Topic: Modelling & Visualisation
Assignment: 2 - Produce a regression and time series forecasting model.
The python file can be found within this repository or alternatively opened in google colab below:
Project: Analysing public A&E attendance, emergency admissions and bed utilisation data. This is not an official NHS project, it was a project done for my masters whilst learning how to build different types of statistical models. I've provided examples throughout the below as the python code may be helpful for others.
Introduction:
As a senior analyst within NHS England I am responsible for providing intelligence and insight to the East of England region. The emergency care access standard, as per the NHS constitution (Department of Health and Social Care, 2023), is 95% of A&E attendances to be seen and treated within 4 hours. Currently, the East of England region is performing at 73% (NHS England, no date) of A&E attendances seen and treated within 4 hours. I have decided to focus on this dastaset to look for trends and patterns that may be able to help inform our regional internal stakeholders who are supporting NHS Trusts with improvement where to focus.
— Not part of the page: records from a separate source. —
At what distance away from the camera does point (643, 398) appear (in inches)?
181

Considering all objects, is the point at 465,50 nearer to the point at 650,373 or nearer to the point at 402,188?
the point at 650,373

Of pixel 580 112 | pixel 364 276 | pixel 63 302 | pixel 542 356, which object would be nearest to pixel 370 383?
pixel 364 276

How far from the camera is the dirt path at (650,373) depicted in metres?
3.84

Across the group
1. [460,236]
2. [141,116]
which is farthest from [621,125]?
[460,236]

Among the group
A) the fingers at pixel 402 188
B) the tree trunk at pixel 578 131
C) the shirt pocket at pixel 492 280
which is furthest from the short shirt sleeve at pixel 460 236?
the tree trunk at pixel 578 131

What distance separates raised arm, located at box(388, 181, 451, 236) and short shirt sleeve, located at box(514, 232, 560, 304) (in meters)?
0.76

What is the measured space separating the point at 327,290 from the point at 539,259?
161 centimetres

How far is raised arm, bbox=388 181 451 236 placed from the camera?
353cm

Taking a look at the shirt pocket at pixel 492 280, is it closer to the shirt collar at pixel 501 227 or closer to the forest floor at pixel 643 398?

NHS England publishes two datasets that I use within this report; Monthly A&E Attendances and Emergency Admissions (NHS England, no date) and Critical care and General & Acute Beds SitRep Reports (NHS England, no date). I have supplemented this with 3 datasets.
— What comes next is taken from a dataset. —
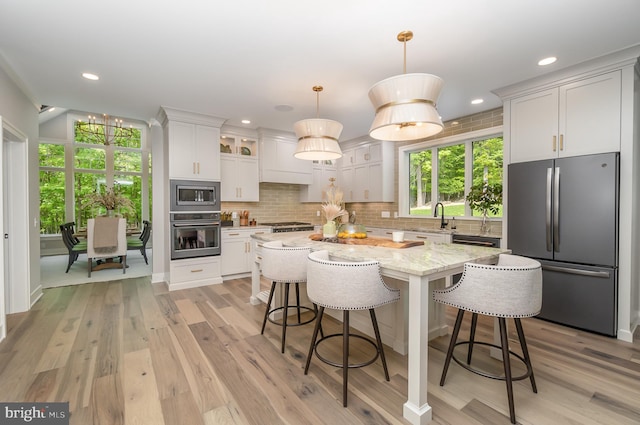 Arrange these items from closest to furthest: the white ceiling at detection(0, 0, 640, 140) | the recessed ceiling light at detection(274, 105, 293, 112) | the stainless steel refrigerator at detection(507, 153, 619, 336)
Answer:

To support the recovery of the A&E target, this report will focus on building a model to firstly investigate the drivers for long waits and secondly forecasting future demand to A&E departments nationally.
Data Collection and Preprocessing:
In preparing the dataset for this report, I employed web scraping techniques to collect data from identified sources, ensuring consistency in file structures across imports. The focus was narrowed to acute trusts with Type 1 A&E departments, capable of handling all acuity levels, including resuscitation cases. To address the dynamic nature of healthcare organisations, I implemented a system to account for trust mergers, updating organisation codes and names accordingly. This approach maintained data continuity and accuracy over time. Data cleaning processes included:
-
Removing non-acute organisations
-
Handling null values
-
Forward-filling missing monthly submissions (limited to an average of one per year per trust)
-
Excluding trusts with more than six months of missing data to preserve data integrity
While initial exploratory analysis revealed some monthly outliers, these were retained for further investigation during time series forecasting, as their impact on seasonality and overall trends was yet to be determined. This data preparation laid the groundwork for robust analysis, ensuring the dataset's reliability and relevance. The main issues I encountered in this stage was the imported data not being treated as an interger and therefore showing a lower number than expected, which was handled with converting values to intergers.
I decided to join and clean the data needed for the regression model alongside building the model. This allowed for the code to be kept together and the notebook to flow better.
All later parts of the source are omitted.